=== Provided data ===

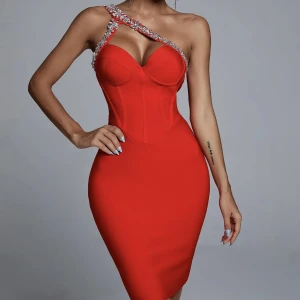 Bandage Crystal red dress  - Bandage red dress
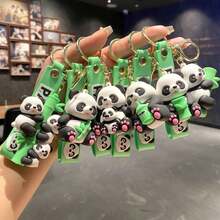 Cartoon Bamboo Panda Keychain Bag Pendant Car Keychain Cute Plush Couple Small Gift Wholesale - Khớp tre - Xem 9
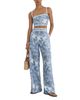 Reiss Reiss Petite Mila Printed Linen Pants - 2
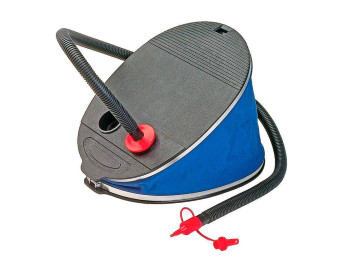 Насос ножной Intex 68610, пластик, ткань, диаметр 30см, цвет синий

===

Work to complete ->
Write the listing above out again exactly, dropping each image.

Answer to this exercise ->
 Bandage Crystal red dress  - Bandage red dress
 Cartoon Bamboo Panda Keychain Bag Pendant Car Keychain Cute Plush Couple Small Gift Wholesale - Khớp tre - Xem 9
 Reiss Reiss Petite Mila Printed Linen Pants - 2
 Насос ножной Intex 68610, пластик, ткань, диаметр 30см, цвет синий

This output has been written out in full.